A denúncia que deu origem ao processo foi apresentada por um morador de Barra do Bugres, que apontou possível quebra de decoro parlamentar e infrações político-administrativas relacionadas ao episódio investigado pela polícia e pela Justiça.

A defesa do vereador utilizou, durante a tramitação do processo na Câmara, a decisão da Justiça que o absolveu das acusações criminais.

Em sentença publicada em 13 de julho, o juiz Antonio Dias de Souza Neto considerou que não havia elementos suficientes para condenar Chaveiro por lesão corporal e ameaça no contexto de violência doméstica.

Um dos pontos destacados pelo magistrado foi a alteração da versão apresentada pela mulher durante o processo judicial.

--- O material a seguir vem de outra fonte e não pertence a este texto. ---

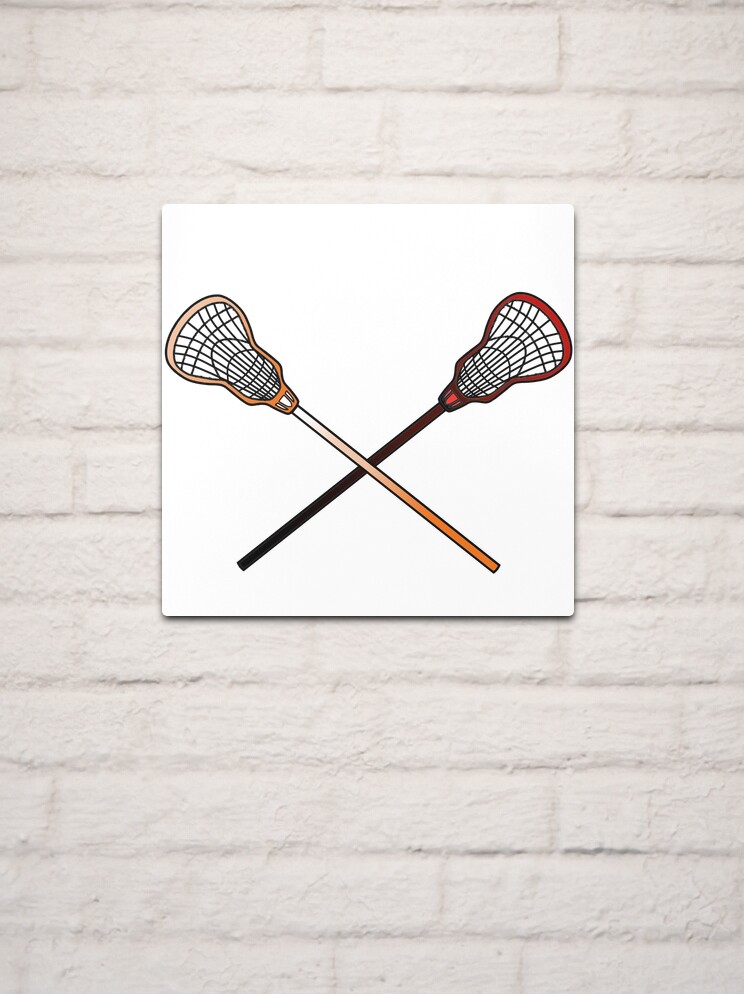 Exy \ Lacrosse sticks (black netting) Art Print for Sale by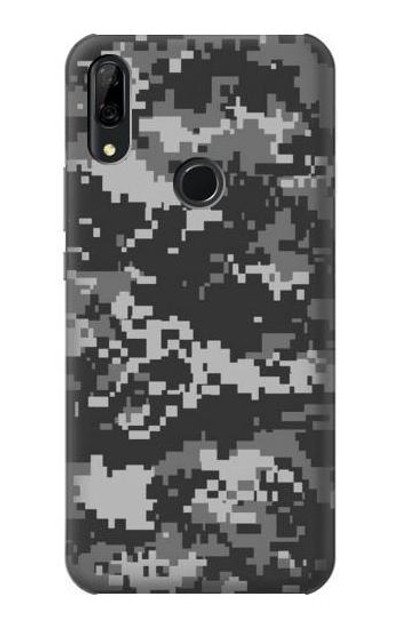 S3293 Urban Black Camo Camouflage Case Cover Custodia per Huawei P Smart Z, Y9 Prime 2019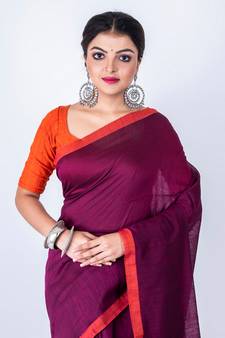 Bengal handloom cotton by cotton saree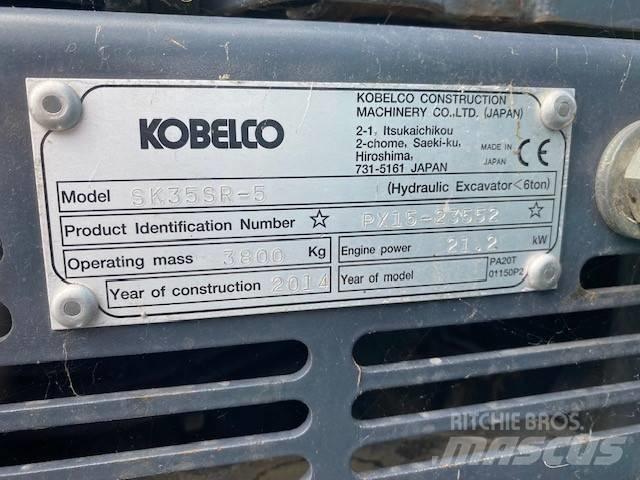 Kobelco SK 35 SR-5 Мини екскаватори < 7 т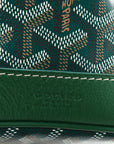 Goyardine Petit Flot Bucket Bag PM Green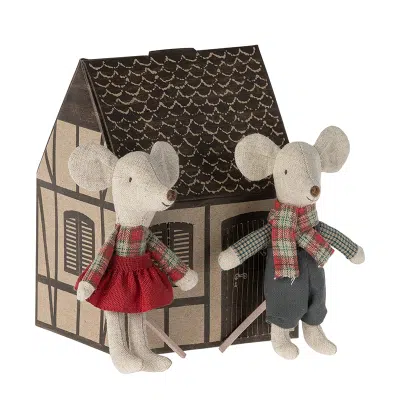 Maileg - Winter Mice Twins - Little brother and sister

Inicialmente, ela havia relatado agressões, mas posteriormente afirmou que os ferimentos teriam ocorrido acidentalmente durante uma discussão, quando os dois haviam consumido álcool.

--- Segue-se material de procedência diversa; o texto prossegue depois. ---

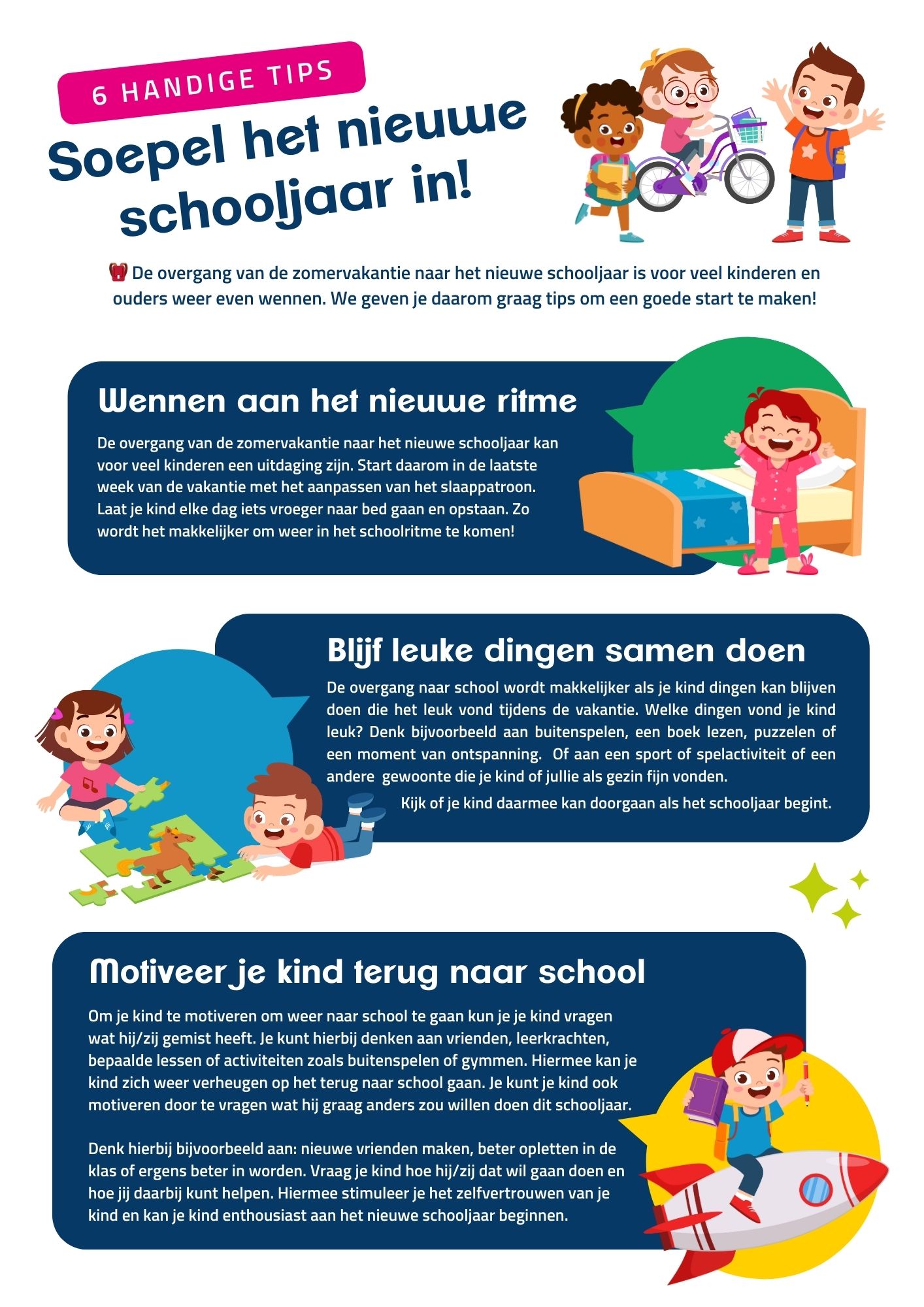 Omslag tipsheet Soepel het nieuwe schooljaar in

A irmã da mulher também modificou seu depoimento. Com as novas versões, o Ministério Público passou a defender a absolvição por falta de provas suficientes. O pedido foi acolhido pelo juiz.

O episódio investigado ocorreu em 19 de abril. Depois da denúncia, Chaveiro chegou a permanecer foragido e acabou localizado em uma residência em Cuiabá. Em depoimento, ele negou ter agredido a companheira e declarou que apenas teria reagido após ser atacado por ela.

Na época, o vereador foi afastado tanto da presidência da Câmara quanto do exercício do mandato.

Na sessão que analisou a perda do mandato, votaram favoravelmente à cassação Cláudia Santana Barbosa (PP), Donizete Martins Pereira (PRTB), Fábio Jamil de Arruda Almeida (PRTB), Ivonilson Pereira Prado (PR), Natanael Morais de Almeida (PL), Silval Jesus Gomes de Souza (PL) e Cleide Rodrigues de Oliveira (Republicanos).

As abstenções foram de Alex Costa Aguiar (União), Andreson B. Oliveira Lima (PSDB), Antonio Manuel de Souza (PP) e Silvestre Fernandes da Silva (Novo).

Com sete votos pela cassação e quatro abstenções, não foi alcançado o quórum de oito votos exigido para a perda do mandato.